From my hands-on exploration in Excel, I got the feeling that **Sheet2** is the most complete. I'll compare it to the other candidates, one at a time.

### Sweep Samples Cereals

I'll refer to **Sweep Sample Cereals** as **ssc** and I'll continue to refer to **Sheet2** as **s2**. I'll put them both in **compare_sheets** for quick reference.

In [8]:
sheet_names = [
    'Sweep Samples Cereals',
    'Sheet2',
]
compare_sheets = ssc, s2 = [
    sheets[sheet_name]
    for sheet_name in sheet_names
]

I'd like to confirm that all data in **Sweep Samples Cereals** is included in the vaguely named **Sheet2**.

#### Columns

In [9]:
pandas.DataFrame(
    data=[sheet.columns for sheet in compare_sheets],
    index=sheet_names
).T

Unnamed: 0,Sweep Samples Cereals,Sheet2
0,id,id
1,province,province
2,date,date
3,sample_by_week,sample_by_week
4,date_by_week,date_by_week
5,julian_date,julian_date
6,site,site
7,field_name,field_name
8,crop,crop
9,distance(m),distance(m)


That seems to confirm that **Sheet2** has the same columns as **Sweep Samples Cereals** except for four columns that were removed.

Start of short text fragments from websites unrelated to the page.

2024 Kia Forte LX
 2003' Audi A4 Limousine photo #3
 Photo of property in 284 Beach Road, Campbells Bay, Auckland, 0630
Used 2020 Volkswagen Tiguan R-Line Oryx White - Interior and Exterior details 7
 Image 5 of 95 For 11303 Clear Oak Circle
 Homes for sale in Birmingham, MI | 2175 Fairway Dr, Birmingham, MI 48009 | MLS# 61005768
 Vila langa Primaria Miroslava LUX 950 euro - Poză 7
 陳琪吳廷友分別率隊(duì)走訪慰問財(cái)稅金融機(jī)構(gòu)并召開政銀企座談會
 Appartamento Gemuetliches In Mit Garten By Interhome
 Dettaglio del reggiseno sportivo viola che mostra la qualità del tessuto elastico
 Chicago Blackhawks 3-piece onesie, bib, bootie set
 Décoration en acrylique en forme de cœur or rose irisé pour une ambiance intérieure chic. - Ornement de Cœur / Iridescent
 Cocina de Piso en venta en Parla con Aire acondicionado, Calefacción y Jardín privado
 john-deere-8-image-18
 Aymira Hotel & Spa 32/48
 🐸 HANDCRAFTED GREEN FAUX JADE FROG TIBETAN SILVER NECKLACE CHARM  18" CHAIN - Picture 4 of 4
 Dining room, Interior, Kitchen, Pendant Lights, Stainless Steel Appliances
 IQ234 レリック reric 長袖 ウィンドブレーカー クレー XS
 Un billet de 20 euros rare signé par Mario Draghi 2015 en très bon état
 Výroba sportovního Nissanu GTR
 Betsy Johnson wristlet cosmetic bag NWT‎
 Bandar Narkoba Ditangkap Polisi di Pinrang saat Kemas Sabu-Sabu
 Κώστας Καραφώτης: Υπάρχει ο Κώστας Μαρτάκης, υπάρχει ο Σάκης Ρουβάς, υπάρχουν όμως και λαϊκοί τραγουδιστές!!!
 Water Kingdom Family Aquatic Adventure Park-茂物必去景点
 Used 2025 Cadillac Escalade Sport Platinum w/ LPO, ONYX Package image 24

I'll compare lists of column names, looking for asymmetry:

In [10]:
ssc.columns.symmetric_difference(s2.columns).tolist()

['ega/20 sweeps',
 'ega/sweep',
 'total ega',
 'total sweeps',
 'unnamed: 129',
 'unnamed: 133']

I believe the unnamed columns are empty. The other columns have calculated values that I don't trust. **Sweep Samples Cereals** is probably useless for my purposes.

#### Rows

In [11]:
len(ssc), len(s2)

(92, 668)

Shown here is the number of rows of each frame (worksheet). It's pretty clear there is a lot more data in **Sheet2**. I suspect that **Sheet2** has additional data added to it. I'll have to take a closer look at the values, especially dates.

##### Analyze Dates

I need to check if *all* the dates in **Sweep Samples Cereals** are in **Sheet2**.

In [12]:
ssc.date.isin(s2.date).all()

True

I'm curious if the converse is also true:

In [13]:
s2.date.isin(ssc.date).all()

False

Since **s2** has some dates which **ssc** does not, I'd like to know how big the difference is. I'll view all date values in **s2** which fail to match with those in **ssc**, ignoring duplicates.

In [14]:
(
    s2.date.loc[~s2.date.isin(ssc.date)]
    .drop_duplicates()
)

486   2017-06-17
568   2016-06-06
Name: date, dtype: datetime64[ns]

So, this isn't a lot, but it's worth noting.

#### Aggregation

I see a ***total sweeps*** column only in **Sweep Samples Cereals**, which leads me to suspect that **Sweep Samples Cereals** comprises aggregates (sums), possibly based on values present in **Sheet2**. 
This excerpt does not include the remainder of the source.